Azcón ha enfatizado la necesidad de que la nueva PAC priorice a los agricultores y ganaderos que habitan el territorio aragonés y que desempeñan un papel fundamental en la vida de infinidad de pueblos. «Defender una PAC justa es defender la principal política para luchar contra la despoblación en la Comunidad», ha afirmado. Asimismo, ha indicado que hay un «margen de mejora espectacular» tanto en las ayudas como en la corrección de los errores presentes en la propuesta de Bruselas.
Compromiso con el sector agrario
El presidente ha resaltado la importancia del sector primario, que proporciona empleo a más de 55.000 personas y supone el 15% de la riqueza regional, siendo el motor económico en 23 de las 34 comarcas de Aragón. Cada año, más de mil empresas agroalimentarias generan 20.000 nuevos puestos de trabajo, lo que pone de manifiesto que la agricultura y ganadería son pilares cruciales para la comunidad.
Azcón ha manifestado su deseo de que este pacto marque el inicio de un prolongado proceso de colaboración. Sin embargo, ha recordado que hasta la aprobación del presupuesto comunitario para la nueva PAC quedará un largo camino, en el que intervendrán múltiples organismos europeos. «Es esencial que la lucha por el campo no se politice», ha manifestado, agradeciendo a las organizaciones agrarias su compromiso y responsabilidad.

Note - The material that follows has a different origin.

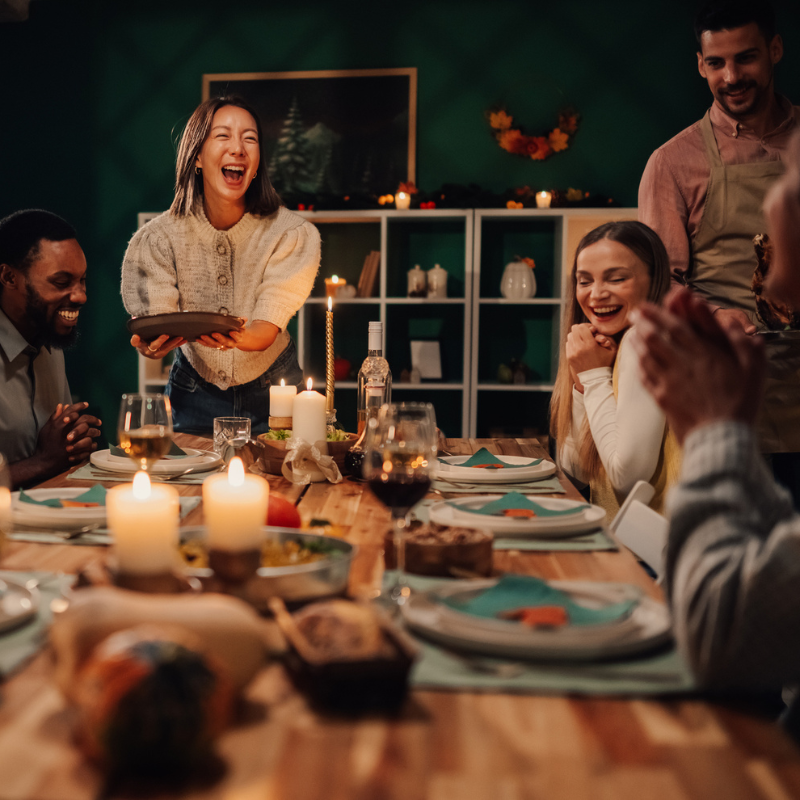 La mesa compartida como hábito saludable: comer mejor empieza por reunirse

Críticas a la propuesta europea
La oposición a la propuesta de la Comisión Europea también fue subrayada por los líderes del sector. José María Alcubierre, secretario general de UAGA-COAG, ha expresado la «frustración» que existe en el campo y ha instado a los agricultores a mantenerse unidos para fortalecer el sector. «Las reducciones de presupuesto deben detenerse, ya que muchas familias dependen de la agricultura y ganadería», ha añadido.
Ramón Solanilla, de Asaja Aragón, ha advertido sobre las amenazas de recortes desde Bruselas. Destacando la importancia de la producción alimentaria en un contexto geopolítico complicado, ha afirmado que «no se pueden poner trabas al sector». Desde Araga, su presidente, Federico Lorente, ha calificado la propuesta europea como «preocupante», al considerar que pone en peligro el modelo de agricultura y ganadería regional.
Unidad ante la adversidad
Enrique Arceiz, de la UPA en Aragón, ha declarado que estarán al lado del Gobierno regional para asegurar que «no se dé ni un paso atrás en el modelo de ayudas». Subrayó que el recorte que se propone, del 22%, es inaceptable y podría llevar a la muerte del campo aragonés. Por su parte, José Víctor Nogués, presidente de Cooperativas Agroalimentarias de Aragón, ha enfatizado la necesidad de un modelo que garantice «pueblos vivos» y activos en la producción alimentaria.